Delighted with her, he had sent her off on a skiing vacation. He was sure she hadn't gone alone, but what was left of her private life was no concern of his. Then the Borgia ring affair came up and he had sent a telegram to Gstaad telling her to return immediately.
She returned by the first available aircraft and when she walked into his office, burned golden brown by the Swiss sun, her tawny hair around her shoulders, Shalik thought she looked magnificent.

He explained about the Borgia ring and was pleased by her interest.

"You will like Natal," he said. "The country is splendid. The three men who will work with you are all experts and should present no difficulties for you." He stared at his evenly burning cigar. "I think I should warn you that there are risks. Kahlenberg is dangerous."

She shrugged her beautiful shoulders. Her smile was confident.

"Many men are dangerous," she said quietly, "so are many women."

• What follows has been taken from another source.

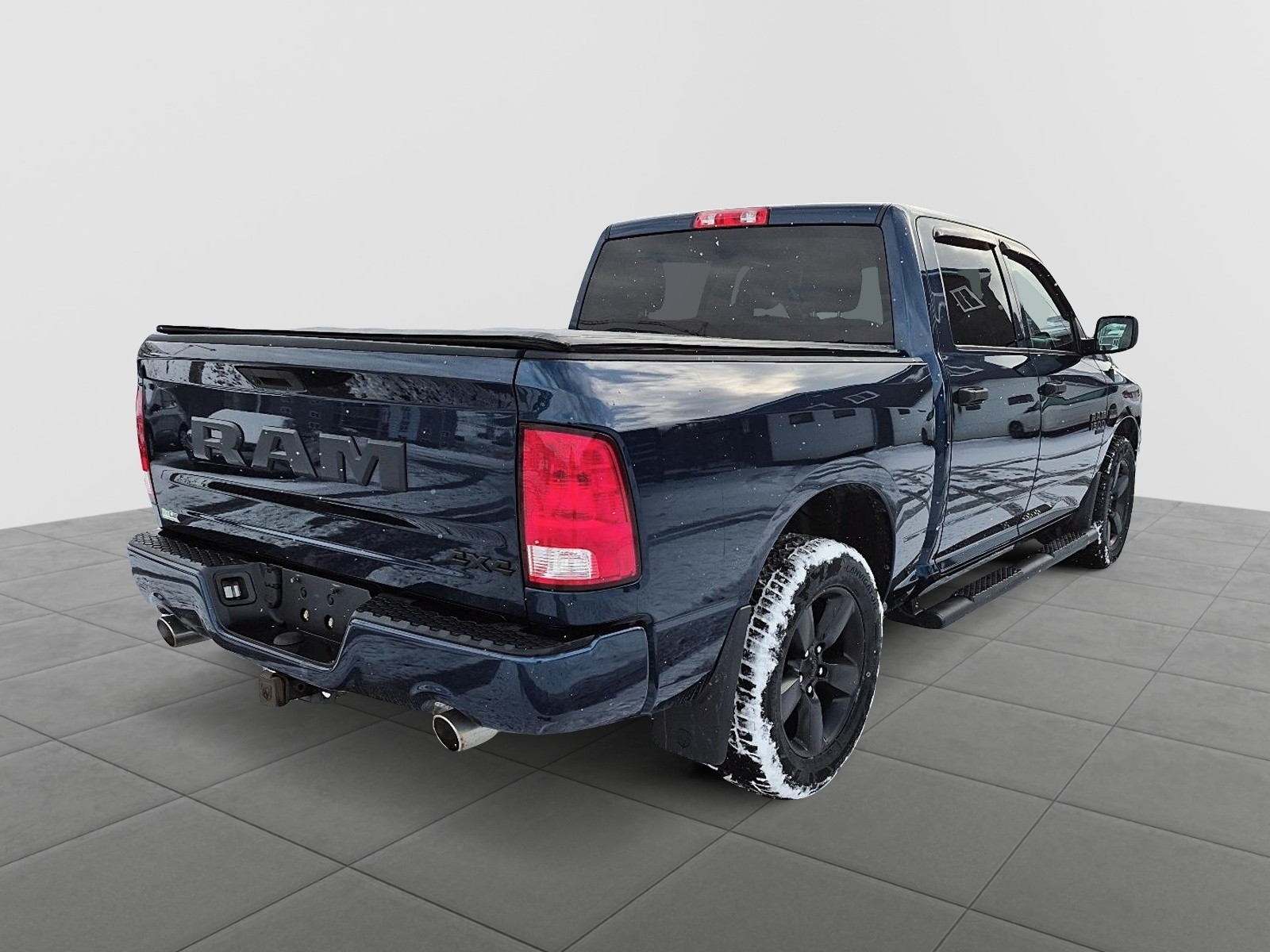 2021 RAM 1500 Classic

As Gaye Desmond paused beside Shalik, the three men got to their feet. While Shalik introduced them, Gaye regarded them searchingly. She liked the look of Kennedy Jones. She decided he was harmless and would be easy to handle and could be fun. Her green eyes swept over Fennel. This man was not only dangerous but he could be tricky to handle. Her experience of men and the expression in his washed out grey eyes as he looked at her, told her sooner or later, there would have to be a showdown with him. Then she took in Garry Edwards who was looking at her with an appreciative expression that she found flattering and pleasing. He was all right, she decided. Well, they were a mixed bunch to travel with, but at least two of them could be handled. The fat one was bound to be a nuisance.
"This is Miss Gaye Desmond . . . our Trojan Horse," Shalik said.
"That I love," Gaye laughed. "I would rather be Helen than the horse."

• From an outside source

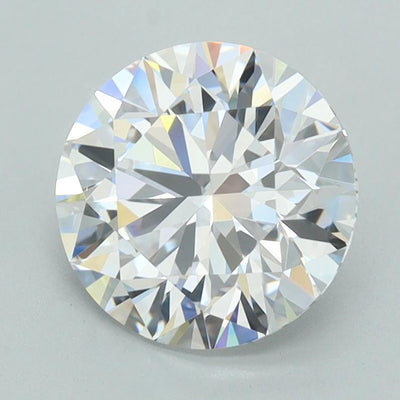 2.27 Carat Round Lab Diamond :: Greenstar spin frame 05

"Sit down, please." Shalik drew up a chair for Gaye. "Miss Desmond will travel with you. You will be flying to Johannesburg on Tuesday. I have arranged for your rooms at the Rand. International hotel. You will stay there until Mr. Jones has organized the expedition. I have also arranged for the hire of a helicopter which Miss Desmond and Mr. Edwards will use." He touched ash off his cigar, then went on, "I have managed to obtain a certain amount of information about Kahlenberg's place, but none of this information is completely reliable. Before you can hope to get at the ring, it is essential for Miss Desmond to get into Kahlenberg's house and check the information I have obtained: this information is to do with various security measures and where the museum is located. Miss Desmond will pose as a professional photographer after wild game. I have arranged that she is credited to Animal World which is a sound, small American magazine for whom I have done past favours. It is possible that Kahlenberg might check, and it would be stupid not to be covered. Mr. Edwards will be her professional pilot. A helicopter is the ideal machine from which to get photographs of wild animals. Kahlenberg has an airfield. You two . . ." Here Shalik looked at Gaye and Garry, "will land on the airfield. Your story will be that you saw the house from the air and can you take photographs? You will be refused, of course, but I am certain Kahlenberg will want to meet Miss Desmond."